Tamil Tiger faction head questioned in Norway-Sri Lankan media

A Sri Lankan-born Tamil has been questioned in Norway as part of a Dutch probe into extortion by the Tamil Tigers and Sri Lankan media on Friday identified him as the leader of one the defeated separatist group’s most powerful remaining factions.

Sri Lankan media said that Perinbanayagam Sivaparan, also known as Nedivayan, was taken for questioning before a Norwegian court at the request of a visiting Dutch judicial team looking into extortion by the remnants of the Tamil Tigers.

Sri Lankan forces crushed the Liberation Tigers of Tamil Eelam in May 2009, ending their three-decade armed campaign on the Indian Ocean island to establish a separate nation for Sri Lanka’s minority Tamils.

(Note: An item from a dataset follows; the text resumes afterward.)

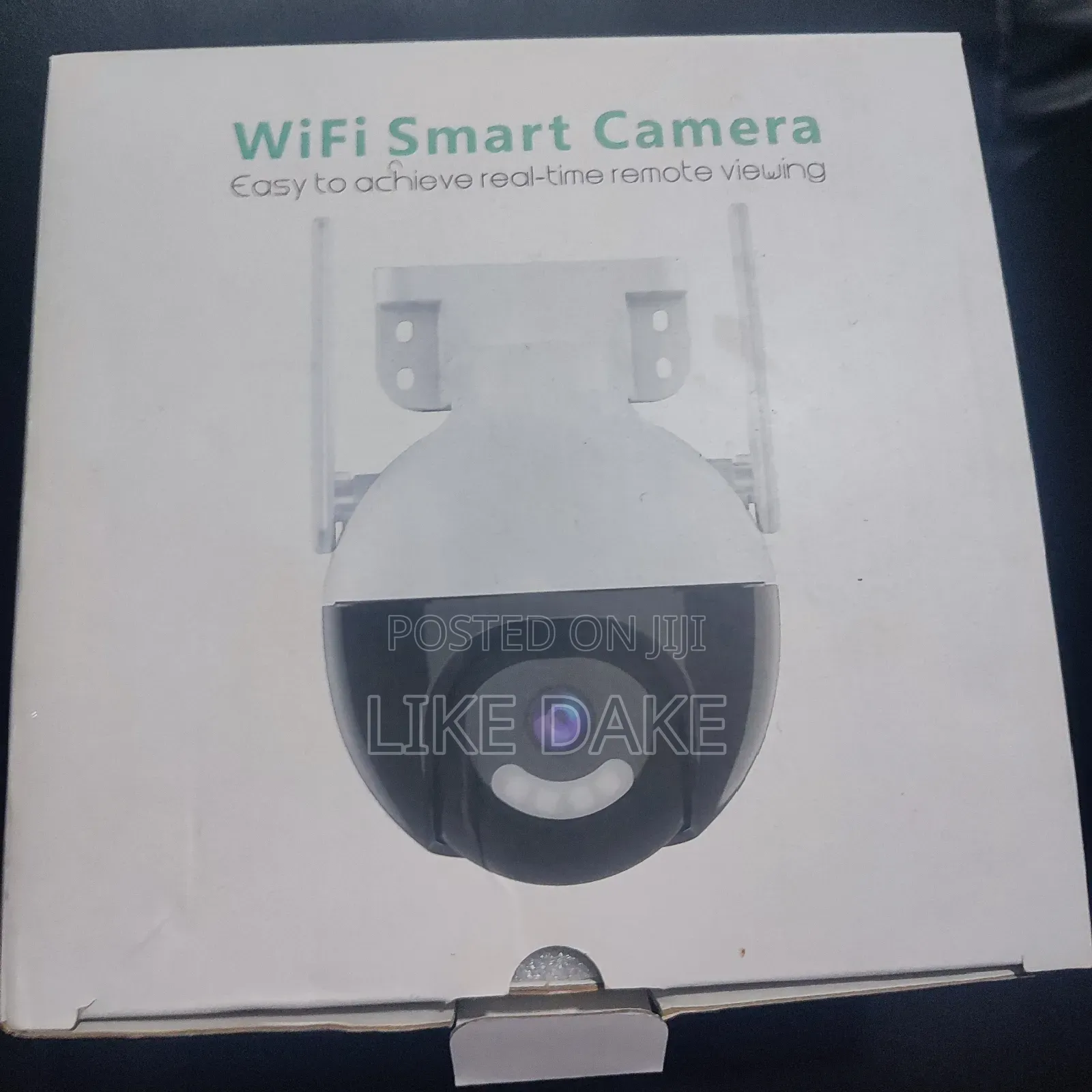 Crystal Clear Icsee Waterproof Wifi CCTV Security Camera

The LTTE routinely extorted a "war tax" from Tamils abroad by threatening to harm their relatives in Sri Lanka. Sri Lanka’s government says one of two remaining LTTE factions is led by Nedivayan, and accuses it of raising funds to restart the war.

Norway’s foreign ministry, in a statement released through the embassy in Colombo, declined to identify the individual, but confirmed that a person of Sri Lankan origin was questioned in a Norwegian court.

"The individual was interviewed as a witness at the request of Dutch authorities regarding a case currently being investigated in the Netherlands," the statement said.

Norway’s biggest private television, TV2, said an unidentified Norway-based Tamil gave evidence on Wednesday to Dutch authorities in a closed-door hearing about terrorist financing.

Sri Lankan-born journalist D.B.S. Jeyaraj, based in Canada and long considered by diplomats in Sri Lanka one of the foremost authorities on the LTTE, reported on his website www.dbsjeyaraj.com that the individual questioned was Nedivayan.

Nedivayan could not be reached for comment.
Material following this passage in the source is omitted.